[Exercise requirements] With pictures excluded, copy word for word the lines in the data below from the line containing "2018 Ford Transit-250 Base" through the line containing "Winter Baskets for Hiking Poles".

[Exercise data]
--- START ---

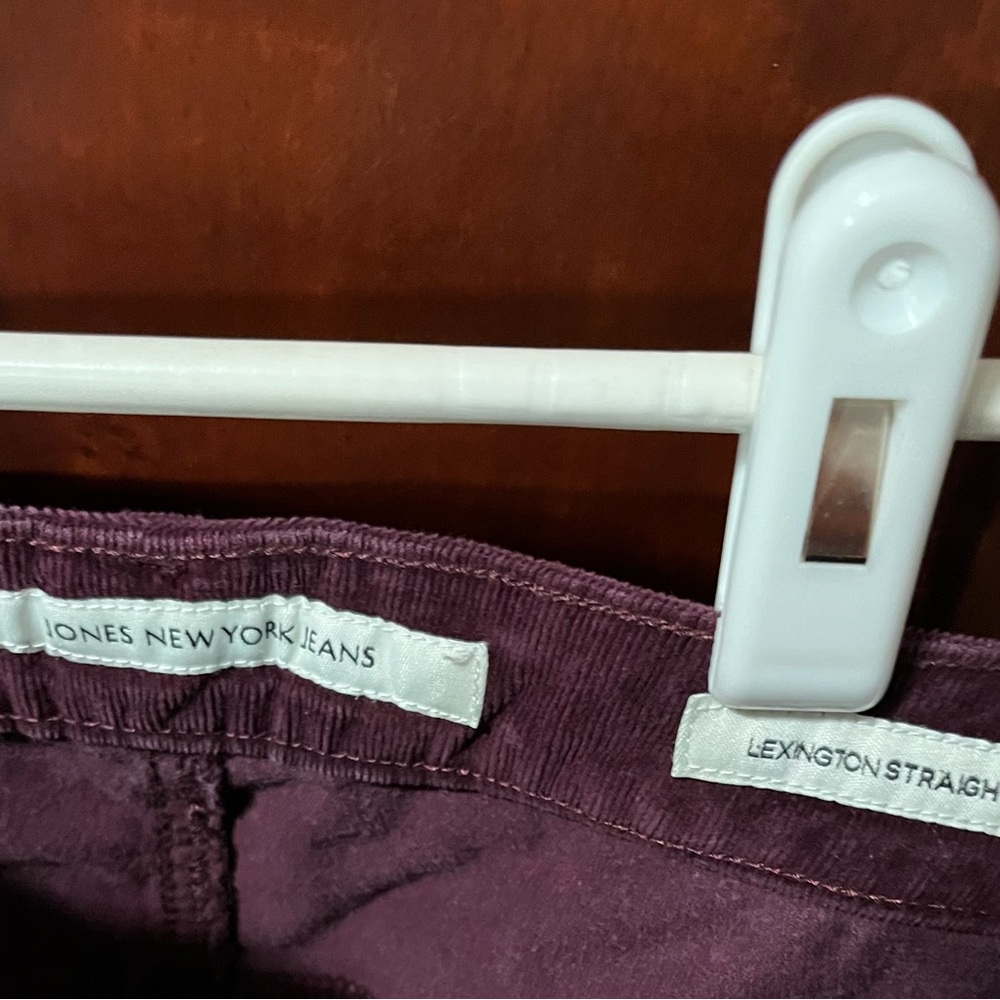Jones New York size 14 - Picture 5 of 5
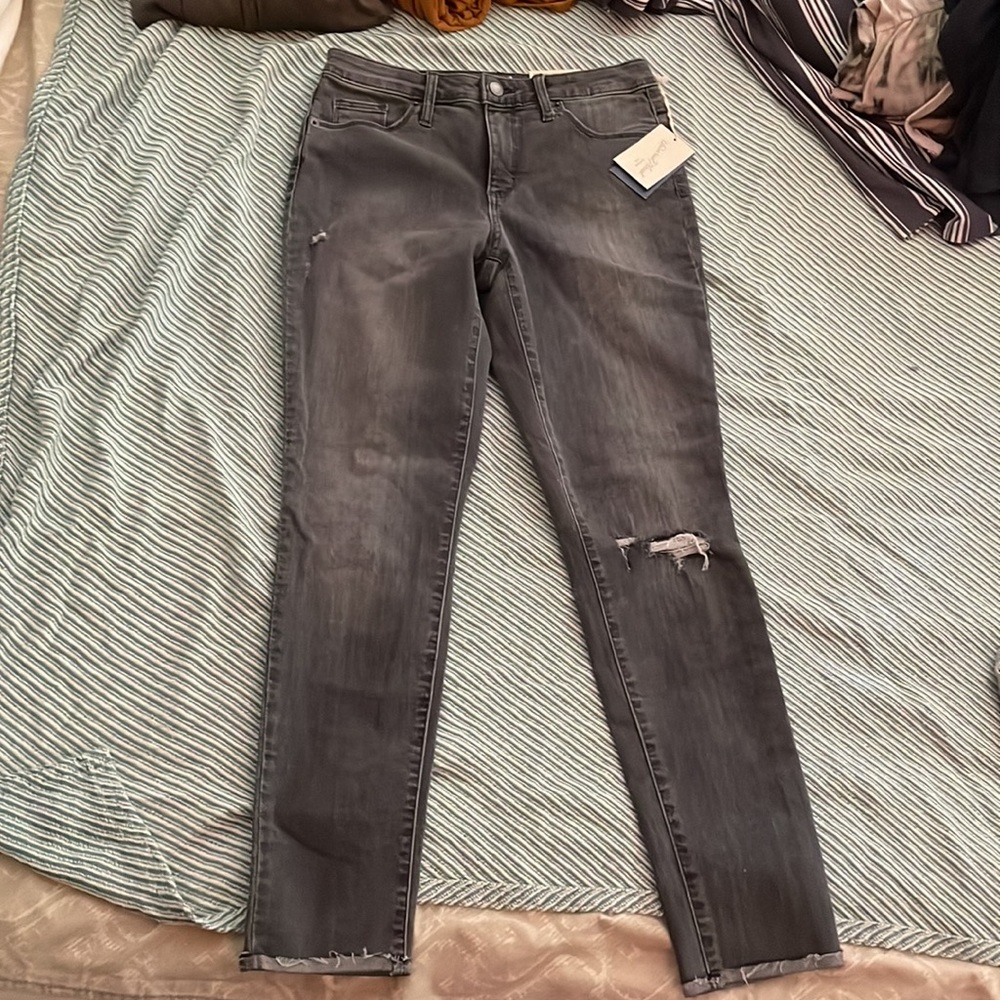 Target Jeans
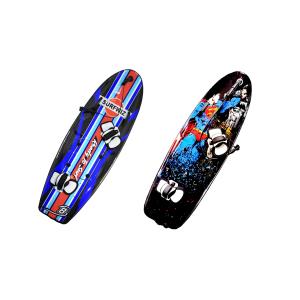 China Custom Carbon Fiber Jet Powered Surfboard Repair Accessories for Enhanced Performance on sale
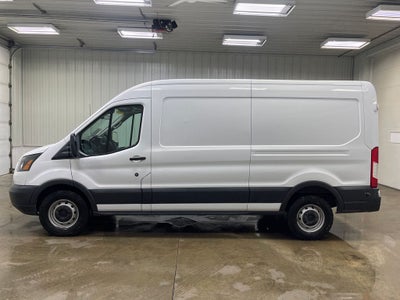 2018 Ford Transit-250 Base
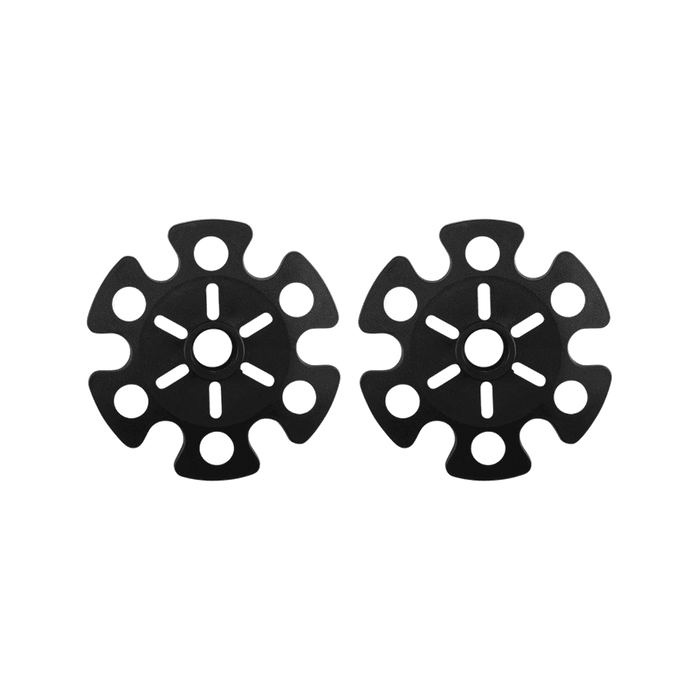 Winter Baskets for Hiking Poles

--- END ---
--- START ---

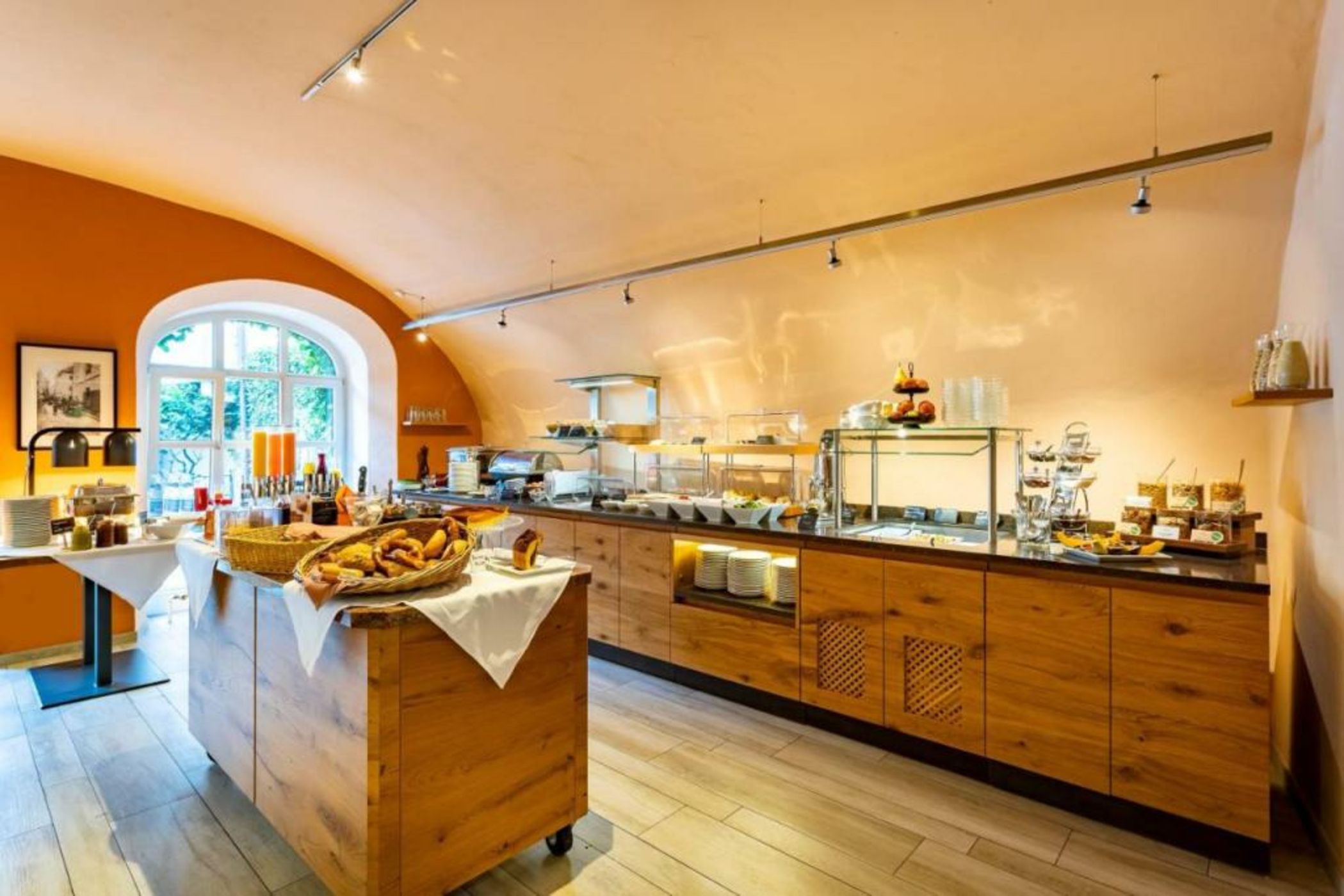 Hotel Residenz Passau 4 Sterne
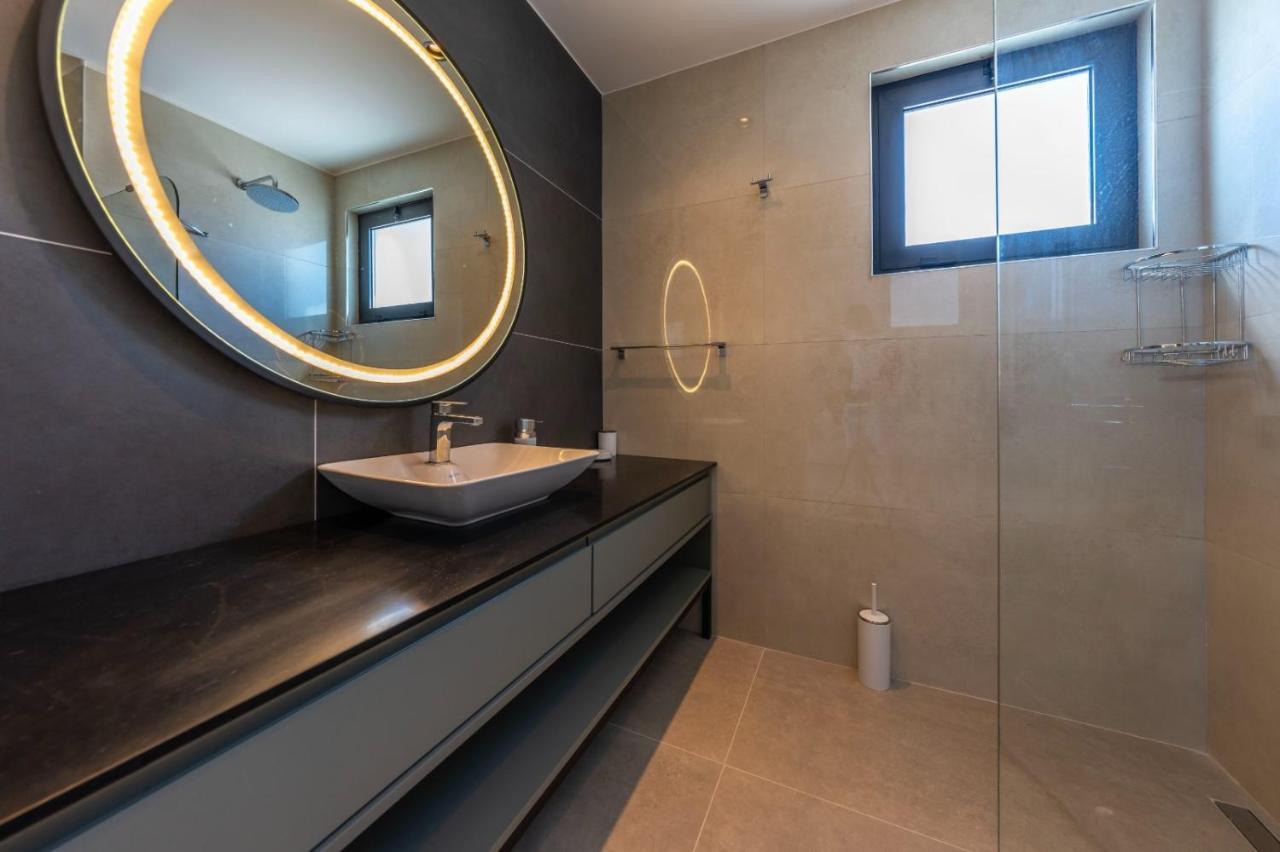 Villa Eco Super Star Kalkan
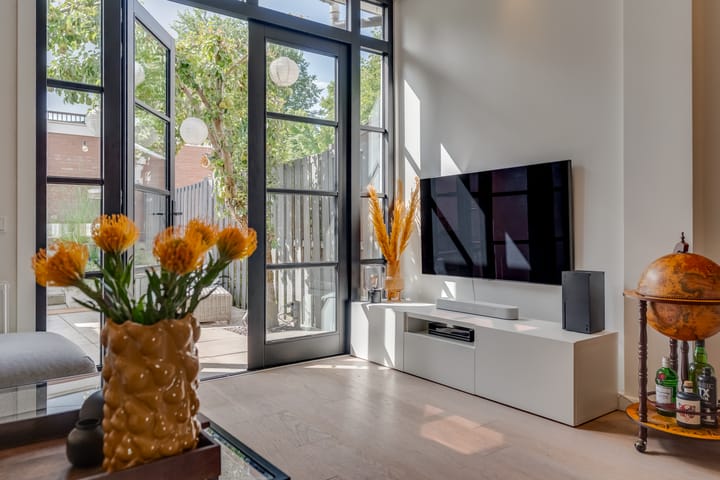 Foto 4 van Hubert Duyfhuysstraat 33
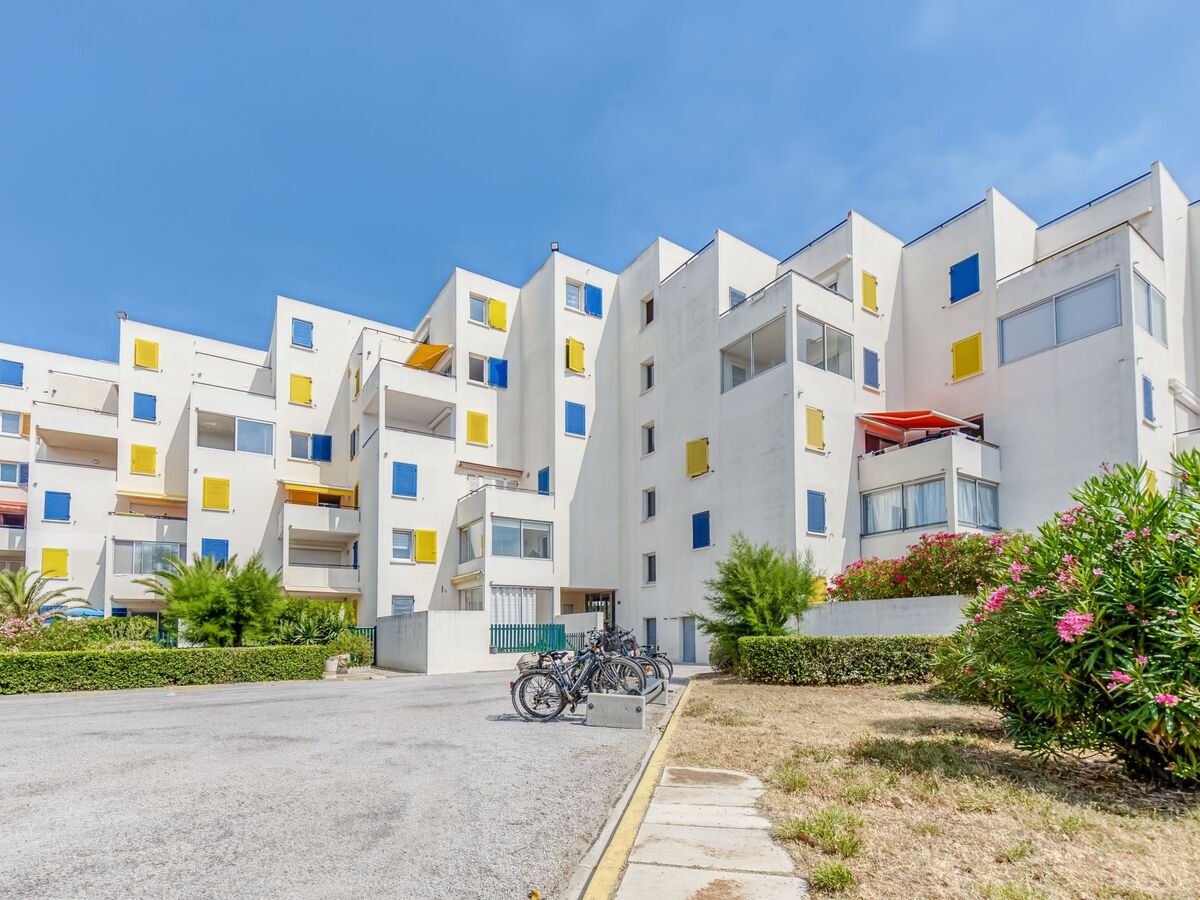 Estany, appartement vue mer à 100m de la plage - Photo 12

--- END ---

[Answer to the problem]
 2018 Ford Transit-250 Base
 Winter Baskets for Hiking Poles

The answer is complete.